Caption-style text data
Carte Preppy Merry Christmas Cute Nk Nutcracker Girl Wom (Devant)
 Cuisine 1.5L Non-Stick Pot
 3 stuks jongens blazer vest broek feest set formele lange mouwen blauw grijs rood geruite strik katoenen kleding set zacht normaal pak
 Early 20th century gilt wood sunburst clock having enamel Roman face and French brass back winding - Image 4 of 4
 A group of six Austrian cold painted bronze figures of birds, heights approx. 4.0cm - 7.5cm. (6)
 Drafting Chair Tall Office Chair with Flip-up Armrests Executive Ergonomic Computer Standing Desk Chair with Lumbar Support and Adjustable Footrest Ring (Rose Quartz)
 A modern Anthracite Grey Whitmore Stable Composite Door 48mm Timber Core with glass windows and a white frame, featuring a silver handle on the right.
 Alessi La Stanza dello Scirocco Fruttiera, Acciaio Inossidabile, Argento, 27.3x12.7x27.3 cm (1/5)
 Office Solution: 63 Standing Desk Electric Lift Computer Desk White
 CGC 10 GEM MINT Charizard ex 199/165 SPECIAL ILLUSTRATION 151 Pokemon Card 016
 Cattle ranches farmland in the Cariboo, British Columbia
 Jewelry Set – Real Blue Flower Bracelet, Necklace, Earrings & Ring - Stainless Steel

#### What the task requires
In the entries above, copy the lines from the one that contains "Drafting Chair Tall" through the last line, exactly as they appear.

#### Task answer
 Drafting Chair Tall Office Chair with Flip-up Armrests Executive Ergonomic Computer Standing Desk Chair with Lumbar Support and Adjustable Footrest Ring (Rose Quartz)
 A modern Anthracite Grey Whitmore Stable Composite Door 48mm Timber Core with glass windows and a white frame, featuring a silver handle on the right.
 Alessi La Stanza dello Scirocco Fruttiera, Acciaio Inossidabile, Argento, 27.3x12.7x27.3 cm (1/5)
 Office Solution: 63 Standing Desk Electric Lift Computer Desk White
 CGC 10 GEM MINT Charizard ex 199/165 SPECIAL ILLUSTRATION 151 Pokemon Card 016
 Cattle ranches farmland in the Cariboo, British Columbia
 Jewelry Set – Real Blue Flower Bracelet, Necklace, Earrings & Ring - Stainless Steel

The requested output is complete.